Voilà qui remet au goût du jour l’idée d’un gouvernement-monde cher à Jacques Attali. L’ancien conseiller spécial auprès de François Mitterrand qui, au début de ce siècle, rêvait d’une fusion de G7 et du Conseil de sécurité des Nations Unies, préfère aujourd’hui se montrer plus réaliste en nous parlant «d’Etat de droit démocratique planétaire», en dehors de l’ONU «paralysée et qui le restera». Construit à partir d’accords gouvernementaux, cet «Etat de droit se développerait à l’image de la Suisse, créée par la volonté des cantons de se rassembler et de former une Confédération».

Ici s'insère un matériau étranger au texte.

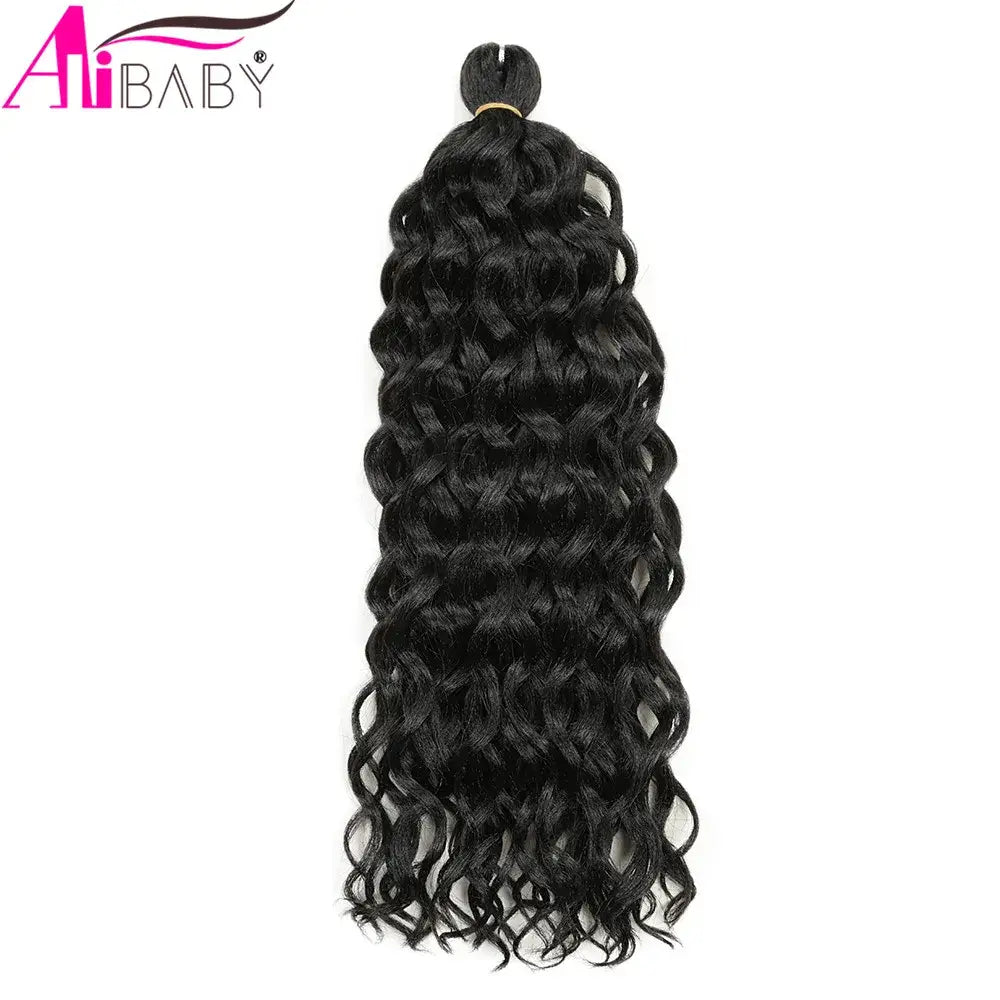 Elevate Your Style with Premium Synthetic Crochet Braiding Hair - 1B / CHINA / 18inches | 1Pcs/Lot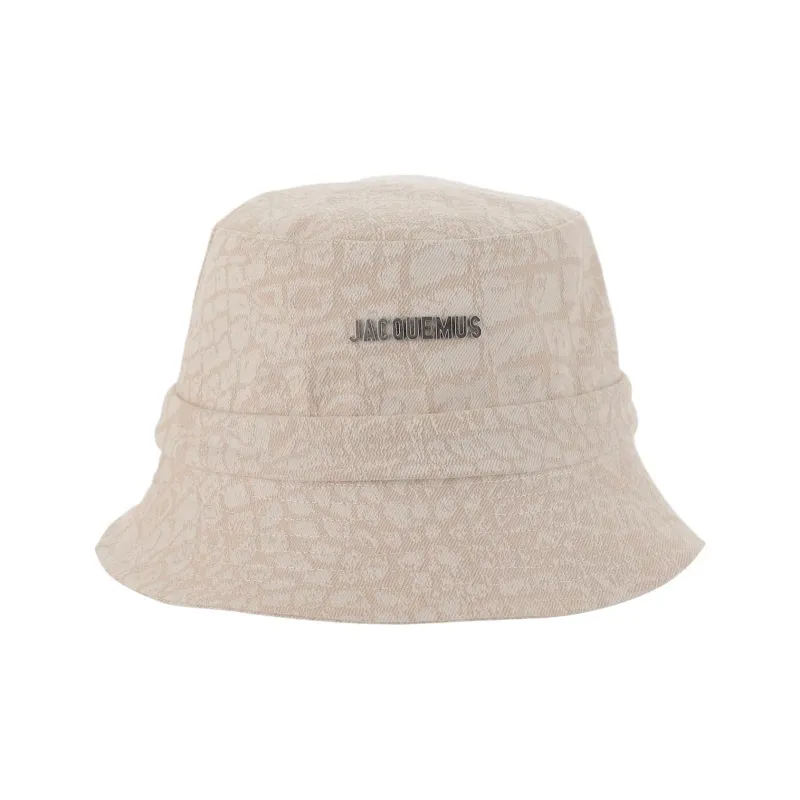 Jacquemus Logo lettering Bucket Hat-1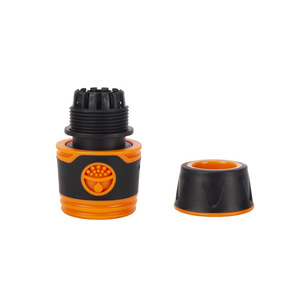Conector de agua para jardín Huabangshi, de plástico roscado de 12 mm, conexión rápida para accesorios de manguera, fácil de instalar - Product Image 1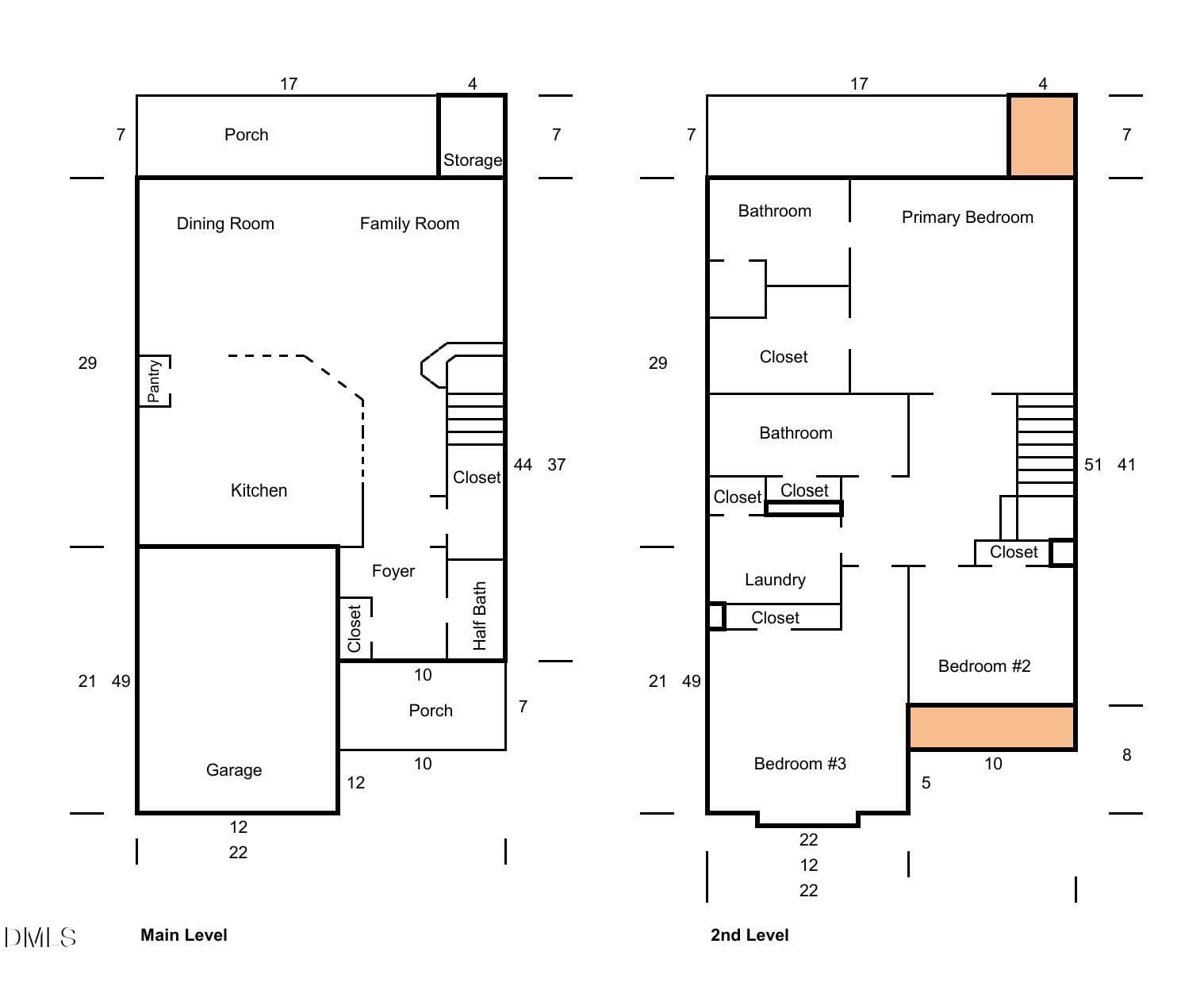 Floor Plan - Both Levels - 204 Lone Star Way, Cary, NC 27519, Cary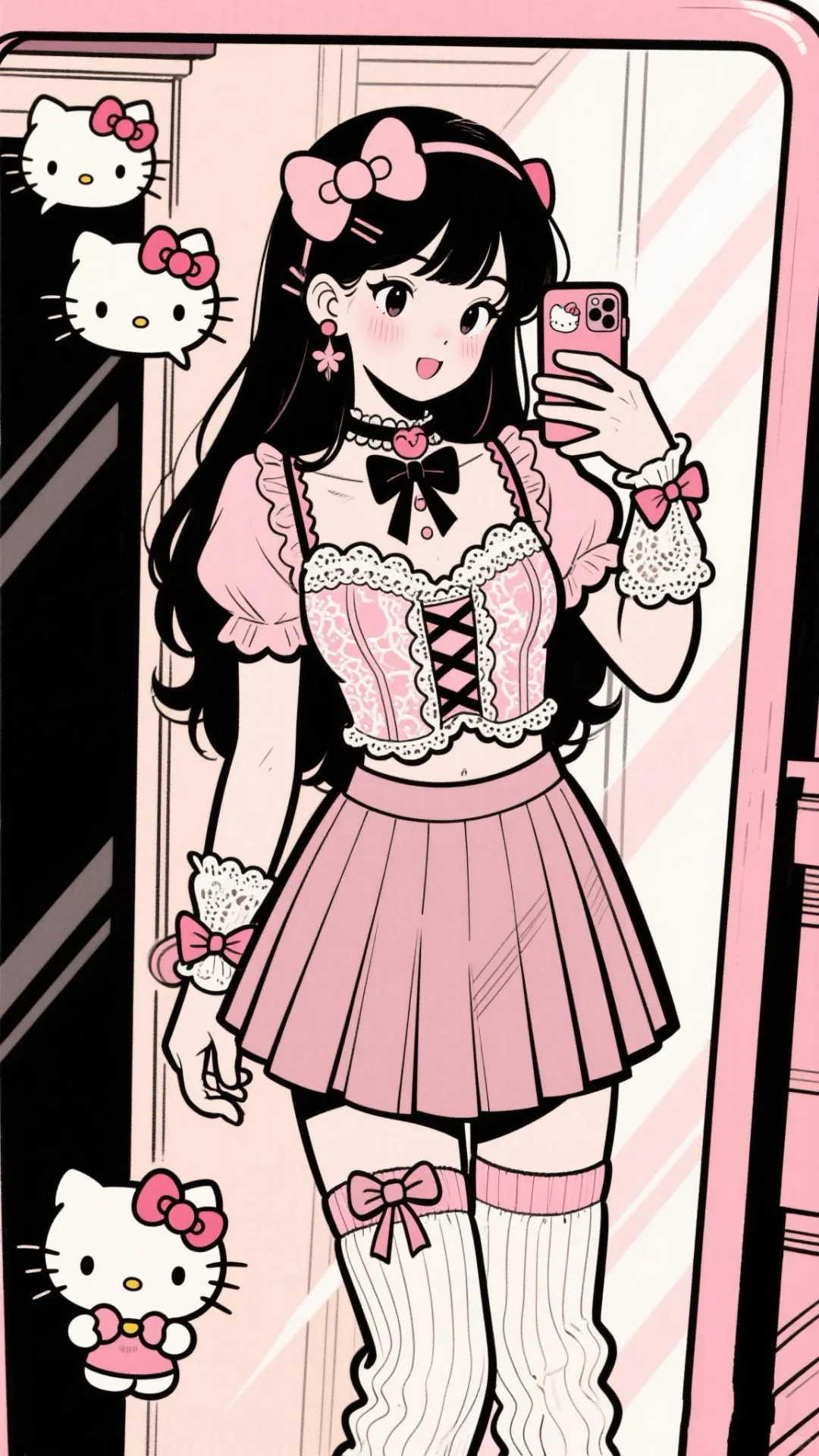 分享几张私藏｜当Kitty化身美少女🎀
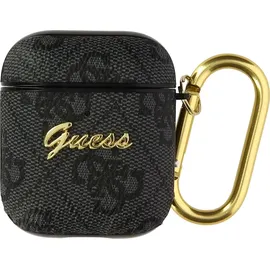 GUESS GUA24GSMK AirPods grau 4G Script Metal Collection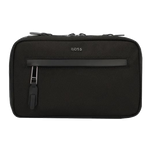 This BOSS Highway Wash Bag Black with Two-way Zip has a front zip pocket and two zipped compartments inside the main compartment.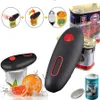 Öppnare Electric Can Opener Automatic Jar Bottle Open Machine One Touch Portable Kitchen Hand Free Opening Tool Gadgets 231101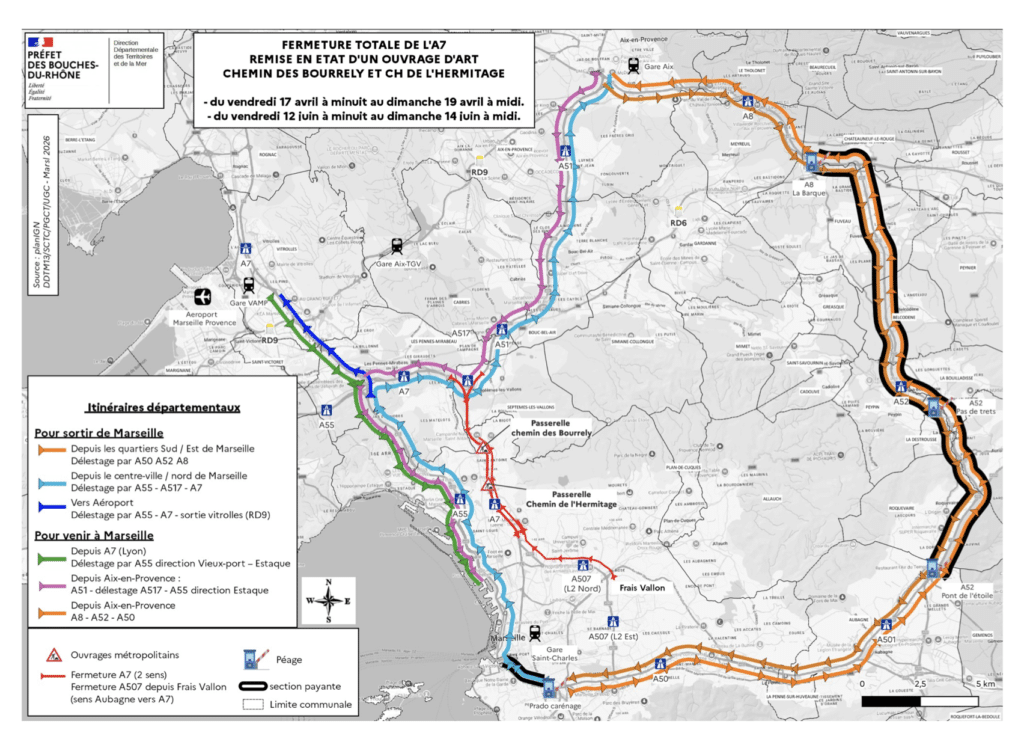 A7 itinéraire contournement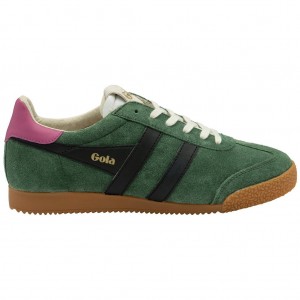Gola Classics Elan Sneakers Fekete Fukszia Hungary | DYE-295801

Corinne Lepage va dans le même sens. Il ne s’agirait pas, selon l’ancienne ministre, de supprimer les COP mais de créer des «corps intermédiaires, de grandes coalitions géographiques et thématiques gérant des dossiers concrets, ce qui nous ferait gagner du temps». Des groupes industriels plancheraient, par exemple, sur des mesures précises de réduction des GES. Lesquelles serviraient ensuite de référence à une réglementation plus large. «Il faut agir de bas en haut.» La remarque qui va sans dire dans l’esprit suisse et anglo-saxon va sans doute mieux en la disant dans l’esprit français!

Le temps de la résistance

En attendant un hypothétique gouvernement-monde avec ou sans l’ONU, l’accélération des événements climatiques dévastateurs, présents et à venir, pousse d’ores et déjà les corps intermédiaires à agir. A l’occasion de la COP21, plus de 700 maires se sont engagés à ce que leurs villes atteignent 100% d’énergies renouvelables d’ici à 2050 et réduisent de 3,7 gigatonnes les émissions annuelles de GES. Des promesses, certes, mais à une échelle plus maîtrisable que celle des Etats.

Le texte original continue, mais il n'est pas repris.